Por cultura entendemos os padrões, valores, crenças e atitudes que permeiam uma sociedade e suas instituições, contribuindo para definir como um povo fala, interage, delibera, enfim, qual é seu estilo de vida. A maior parte das comunidades está enraizada em valores patriarcalistas, sobretudo as sociedades periféricas do capitalismo tardio, nas quais há forte legitimação de papéis bastante distintos para homens e mulheres. Esse fato implica numa forte resistência das instituições partidárias e do eleitorado à participação político-institucional de mulheres, associadas à esfera privada, às tarefas domésticas e ao cuidado.

São sociedades transpassadas pela divisão sexual do trabalho, que perpetua valores machistas no estabelecimento e desenvolvimento de papéis sociais. Para Nancy Fraser, a capacidade destrutiva dos valores androcêntricos estaria em seu exercício cotidiano e nos processos de socialização mais básicos de um sistema de crenças que situa as mulheres em posições de inferioridade. Na maioria dos casos, a primeira barreira à participação política feminina já aparece em casa.

Daí a necessidades de se estabelecer normas que condicionem práticas sociais mais igualitárias, de modo a alterar a cultura política e a mentalidade da população. Os próprios partidos apresentam resistência à incorporação das mulheres na arena política, dada a visão geral conservadora sobre o papel social da mulher. Aliando-se os valores patriarcais às variáveis que determinam uma baixa demanda por candidatos, resulta-se em uma realidade na qual os partidos não tomam como prioridade a presença feminina em cargos políticos. Faz-se necessário então desconstruir padrões institucionalizados de valores culturais que privilegiam as masculinidades e desconsideram o que está no escopo do feminino, impedindo o estabelecimento de uma verdadeira justiça, principalmente no âmbito material.

3) Fatores políticos

Quando falamos em fatores políticos, estamos nos referindo àqueles elementos que moldam a demanda por candidatos.

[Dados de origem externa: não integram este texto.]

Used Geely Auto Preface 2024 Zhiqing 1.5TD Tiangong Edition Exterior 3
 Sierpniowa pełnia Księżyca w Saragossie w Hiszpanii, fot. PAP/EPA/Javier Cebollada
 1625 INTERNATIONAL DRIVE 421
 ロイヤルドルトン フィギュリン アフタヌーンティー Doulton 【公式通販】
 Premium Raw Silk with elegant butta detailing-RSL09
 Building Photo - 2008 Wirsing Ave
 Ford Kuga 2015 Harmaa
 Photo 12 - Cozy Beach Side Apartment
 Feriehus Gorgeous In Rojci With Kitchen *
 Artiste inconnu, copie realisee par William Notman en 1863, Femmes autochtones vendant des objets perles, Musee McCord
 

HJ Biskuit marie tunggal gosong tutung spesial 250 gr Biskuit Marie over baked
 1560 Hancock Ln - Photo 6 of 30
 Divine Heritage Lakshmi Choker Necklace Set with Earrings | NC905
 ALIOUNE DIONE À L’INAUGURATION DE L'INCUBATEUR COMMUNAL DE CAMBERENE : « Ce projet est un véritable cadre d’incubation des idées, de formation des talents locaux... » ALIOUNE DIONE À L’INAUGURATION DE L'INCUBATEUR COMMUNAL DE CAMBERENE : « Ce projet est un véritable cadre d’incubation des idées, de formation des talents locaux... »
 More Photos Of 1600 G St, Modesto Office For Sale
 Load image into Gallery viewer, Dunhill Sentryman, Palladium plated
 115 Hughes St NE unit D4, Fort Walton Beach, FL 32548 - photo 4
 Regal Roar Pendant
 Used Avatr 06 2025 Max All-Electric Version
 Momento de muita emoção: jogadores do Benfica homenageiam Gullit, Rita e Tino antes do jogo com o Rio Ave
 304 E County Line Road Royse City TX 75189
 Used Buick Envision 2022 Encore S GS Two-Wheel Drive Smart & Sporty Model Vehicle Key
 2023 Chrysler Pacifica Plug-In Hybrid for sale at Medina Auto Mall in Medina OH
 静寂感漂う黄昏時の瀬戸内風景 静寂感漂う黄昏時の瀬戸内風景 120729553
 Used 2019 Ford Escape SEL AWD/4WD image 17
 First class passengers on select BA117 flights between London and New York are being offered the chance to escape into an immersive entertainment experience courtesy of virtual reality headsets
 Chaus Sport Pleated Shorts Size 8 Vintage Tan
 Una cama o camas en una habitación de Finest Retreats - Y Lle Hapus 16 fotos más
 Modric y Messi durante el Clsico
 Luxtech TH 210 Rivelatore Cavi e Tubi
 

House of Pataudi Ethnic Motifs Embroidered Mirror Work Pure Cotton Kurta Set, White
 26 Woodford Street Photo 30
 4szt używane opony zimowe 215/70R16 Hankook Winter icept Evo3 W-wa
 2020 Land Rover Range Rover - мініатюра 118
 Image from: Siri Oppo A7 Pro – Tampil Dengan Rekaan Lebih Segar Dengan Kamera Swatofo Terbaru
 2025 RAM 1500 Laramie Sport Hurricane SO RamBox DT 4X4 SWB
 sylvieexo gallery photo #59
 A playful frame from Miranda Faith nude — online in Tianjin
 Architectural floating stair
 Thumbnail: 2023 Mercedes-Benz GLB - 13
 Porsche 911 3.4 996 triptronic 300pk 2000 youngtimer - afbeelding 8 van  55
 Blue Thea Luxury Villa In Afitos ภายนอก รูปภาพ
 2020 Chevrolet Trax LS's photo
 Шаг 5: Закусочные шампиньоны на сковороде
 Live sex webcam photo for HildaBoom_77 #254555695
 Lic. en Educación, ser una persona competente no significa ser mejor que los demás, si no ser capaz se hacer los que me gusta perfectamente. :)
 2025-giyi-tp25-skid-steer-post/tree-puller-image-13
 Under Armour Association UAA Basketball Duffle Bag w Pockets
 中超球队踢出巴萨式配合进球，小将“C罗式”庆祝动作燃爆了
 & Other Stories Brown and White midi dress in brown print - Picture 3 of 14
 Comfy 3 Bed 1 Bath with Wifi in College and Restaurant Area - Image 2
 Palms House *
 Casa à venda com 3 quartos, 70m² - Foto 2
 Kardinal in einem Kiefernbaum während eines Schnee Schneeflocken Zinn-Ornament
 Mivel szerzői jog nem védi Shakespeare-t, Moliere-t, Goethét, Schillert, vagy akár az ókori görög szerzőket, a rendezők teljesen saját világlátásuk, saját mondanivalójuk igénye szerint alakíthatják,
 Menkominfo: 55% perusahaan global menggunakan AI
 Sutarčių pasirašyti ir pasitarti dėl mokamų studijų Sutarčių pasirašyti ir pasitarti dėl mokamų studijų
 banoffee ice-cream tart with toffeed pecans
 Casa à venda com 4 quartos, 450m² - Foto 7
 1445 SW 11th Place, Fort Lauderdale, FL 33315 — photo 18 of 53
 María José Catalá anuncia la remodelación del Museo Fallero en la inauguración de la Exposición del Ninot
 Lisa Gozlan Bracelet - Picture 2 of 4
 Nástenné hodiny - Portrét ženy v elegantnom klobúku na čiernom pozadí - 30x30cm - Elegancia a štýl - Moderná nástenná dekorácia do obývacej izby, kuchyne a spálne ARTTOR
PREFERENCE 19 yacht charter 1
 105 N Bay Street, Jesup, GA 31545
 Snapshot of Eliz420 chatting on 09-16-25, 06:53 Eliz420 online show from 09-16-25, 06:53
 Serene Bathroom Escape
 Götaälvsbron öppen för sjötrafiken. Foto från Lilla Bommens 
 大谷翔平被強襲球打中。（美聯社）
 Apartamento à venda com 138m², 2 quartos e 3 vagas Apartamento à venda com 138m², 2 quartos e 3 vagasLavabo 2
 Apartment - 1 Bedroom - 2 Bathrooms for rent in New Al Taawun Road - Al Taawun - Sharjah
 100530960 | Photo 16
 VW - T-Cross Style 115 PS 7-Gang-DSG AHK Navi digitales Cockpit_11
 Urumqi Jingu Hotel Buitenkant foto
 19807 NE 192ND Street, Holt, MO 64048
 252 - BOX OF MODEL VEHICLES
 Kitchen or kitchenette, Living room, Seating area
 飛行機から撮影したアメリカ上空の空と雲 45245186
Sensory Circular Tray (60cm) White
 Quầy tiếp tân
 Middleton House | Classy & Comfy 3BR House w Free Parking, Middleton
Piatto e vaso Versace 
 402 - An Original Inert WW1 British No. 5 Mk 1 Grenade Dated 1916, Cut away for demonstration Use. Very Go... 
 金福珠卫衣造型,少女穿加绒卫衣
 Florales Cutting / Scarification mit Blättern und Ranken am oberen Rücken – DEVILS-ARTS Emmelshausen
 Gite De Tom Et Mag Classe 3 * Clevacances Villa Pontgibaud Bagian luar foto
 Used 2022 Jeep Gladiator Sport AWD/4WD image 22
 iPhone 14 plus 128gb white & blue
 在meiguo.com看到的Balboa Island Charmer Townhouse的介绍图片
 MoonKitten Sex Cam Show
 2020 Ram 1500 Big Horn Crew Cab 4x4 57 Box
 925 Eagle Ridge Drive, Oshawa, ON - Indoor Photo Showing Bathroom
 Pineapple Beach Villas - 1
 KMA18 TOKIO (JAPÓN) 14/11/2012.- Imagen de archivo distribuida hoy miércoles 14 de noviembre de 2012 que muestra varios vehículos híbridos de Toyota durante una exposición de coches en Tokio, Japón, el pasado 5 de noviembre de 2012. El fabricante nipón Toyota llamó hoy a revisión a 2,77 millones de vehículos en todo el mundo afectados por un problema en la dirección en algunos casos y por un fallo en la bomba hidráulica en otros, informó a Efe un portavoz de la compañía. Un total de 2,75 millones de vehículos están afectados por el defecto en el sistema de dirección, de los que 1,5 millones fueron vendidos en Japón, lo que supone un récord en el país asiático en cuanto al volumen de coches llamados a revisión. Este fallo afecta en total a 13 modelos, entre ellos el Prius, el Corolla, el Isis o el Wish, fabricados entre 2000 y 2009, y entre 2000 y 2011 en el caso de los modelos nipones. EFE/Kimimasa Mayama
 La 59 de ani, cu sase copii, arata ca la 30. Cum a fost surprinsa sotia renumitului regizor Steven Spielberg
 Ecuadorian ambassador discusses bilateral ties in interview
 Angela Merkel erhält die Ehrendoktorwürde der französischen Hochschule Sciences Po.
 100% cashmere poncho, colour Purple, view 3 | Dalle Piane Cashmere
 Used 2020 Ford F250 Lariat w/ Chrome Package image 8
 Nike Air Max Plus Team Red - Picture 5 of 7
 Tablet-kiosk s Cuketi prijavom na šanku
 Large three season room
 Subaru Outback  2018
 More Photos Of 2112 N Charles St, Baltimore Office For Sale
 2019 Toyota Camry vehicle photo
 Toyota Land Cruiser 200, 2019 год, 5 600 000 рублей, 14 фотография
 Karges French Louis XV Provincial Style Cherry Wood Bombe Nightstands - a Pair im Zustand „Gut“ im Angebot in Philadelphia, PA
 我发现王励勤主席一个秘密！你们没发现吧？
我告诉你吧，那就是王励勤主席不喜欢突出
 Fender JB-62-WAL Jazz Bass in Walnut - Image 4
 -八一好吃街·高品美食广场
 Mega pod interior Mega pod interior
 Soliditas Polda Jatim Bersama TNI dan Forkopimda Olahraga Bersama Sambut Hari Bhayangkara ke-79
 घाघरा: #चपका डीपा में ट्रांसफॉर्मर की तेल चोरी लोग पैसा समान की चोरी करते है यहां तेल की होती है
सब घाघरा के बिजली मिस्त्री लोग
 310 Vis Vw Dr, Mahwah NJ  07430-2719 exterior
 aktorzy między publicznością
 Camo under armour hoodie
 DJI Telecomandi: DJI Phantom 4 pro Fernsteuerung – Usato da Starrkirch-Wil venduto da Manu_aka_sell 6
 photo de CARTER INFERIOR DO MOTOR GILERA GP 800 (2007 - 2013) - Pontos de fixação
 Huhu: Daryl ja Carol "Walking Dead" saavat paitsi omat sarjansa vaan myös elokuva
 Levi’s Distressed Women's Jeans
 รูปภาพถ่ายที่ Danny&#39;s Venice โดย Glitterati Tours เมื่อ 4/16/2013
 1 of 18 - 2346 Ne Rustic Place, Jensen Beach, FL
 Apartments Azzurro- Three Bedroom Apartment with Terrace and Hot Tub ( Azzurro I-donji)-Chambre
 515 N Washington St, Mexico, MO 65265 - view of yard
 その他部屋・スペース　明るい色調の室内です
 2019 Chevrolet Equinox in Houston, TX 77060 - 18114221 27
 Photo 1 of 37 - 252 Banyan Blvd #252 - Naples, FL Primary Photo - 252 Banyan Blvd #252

Há quem insista que o incremento da participação feminina depende mais dos partidos políticos do que do sistema eleitoral ou dos eleitores. Para Araújo & Alves (2007), os partidos de esquerda teriam uma tendência maior a estimular a participação feminina e a eleger mais mulheres.

Em relação ao âmbito organizacional, procedimentos internos institucionalizados, regras claras e vida partidária ativa seriam pontos que incentivam a participação e o recrutamento eleitoral de mulheres. Sobre o sistema partidário, pode-se considerar uma tendência dos sistemas pluripartidários à estabilidade institucional e, consequentemente, a proporções mais elevadas de mulheres eleitas. Uma assembleia onde atuam vários partidos políticos, portanto, possuiria mais chances de eleger mulheres que uma casa bipartidária.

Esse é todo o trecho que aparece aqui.